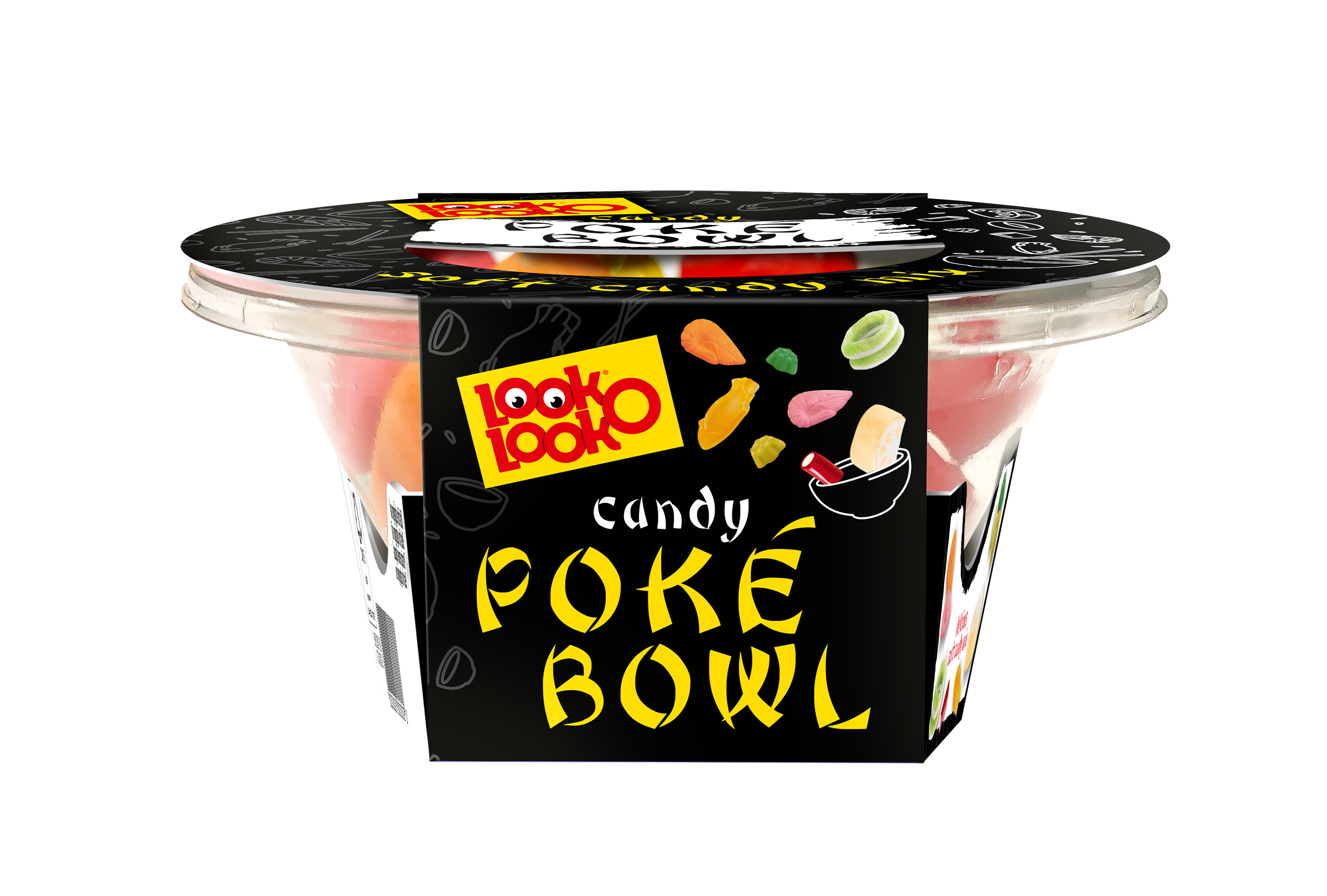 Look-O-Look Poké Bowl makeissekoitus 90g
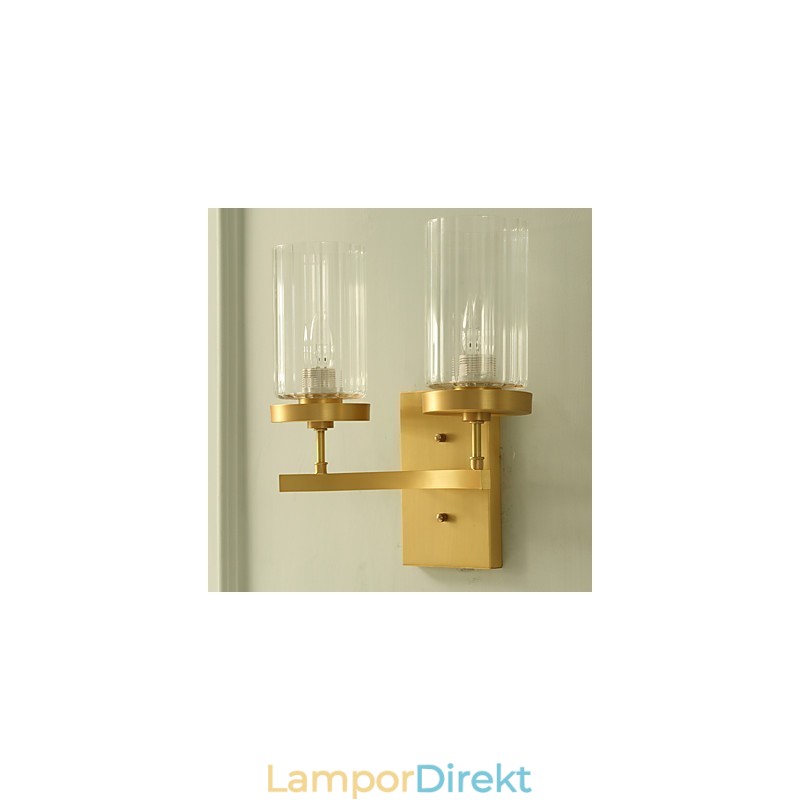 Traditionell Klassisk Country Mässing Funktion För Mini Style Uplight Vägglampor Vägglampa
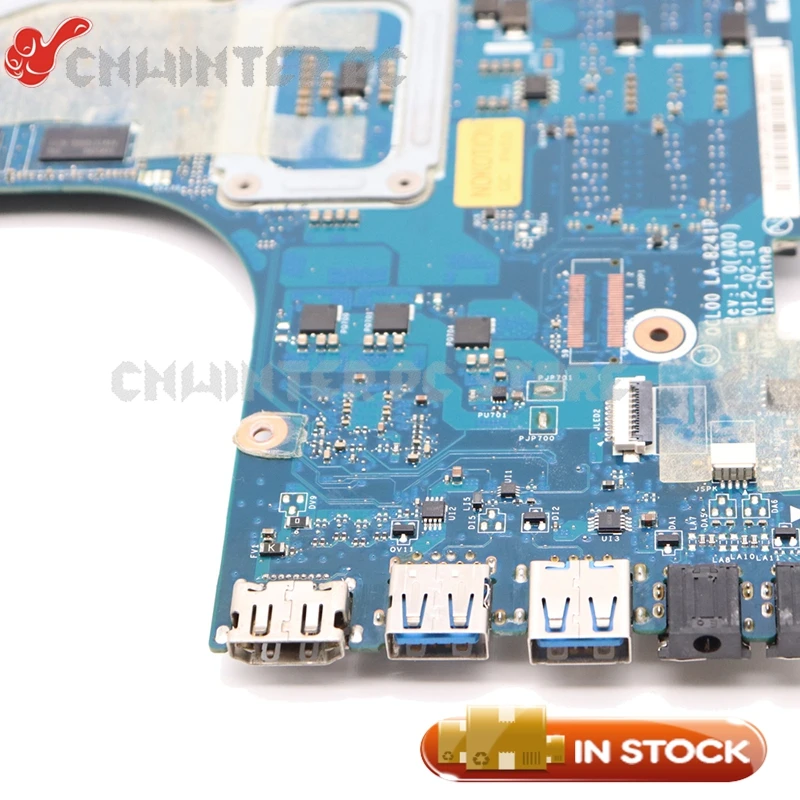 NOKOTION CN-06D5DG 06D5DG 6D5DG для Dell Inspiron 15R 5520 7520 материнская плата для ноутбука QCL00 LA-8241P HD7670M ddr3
· · · ·
- Instructions to follow -
The lines to copy run from the one with "Traditionell Klassisk Country" through the end of the material. Write them out exactly, leaving out the pictures.

- Worked solution -
 Traditionell Klassisk Country Mässing Funktion För Mini Style Uplight Vägglampor Vägglampa
 NOKOTION CN-06D5DG 06D5DG 6D5DG для Dell Inspiron 15R 5520 7520 материнская плата для ноутбука QCL00 LA-8241P HD7670M ddr3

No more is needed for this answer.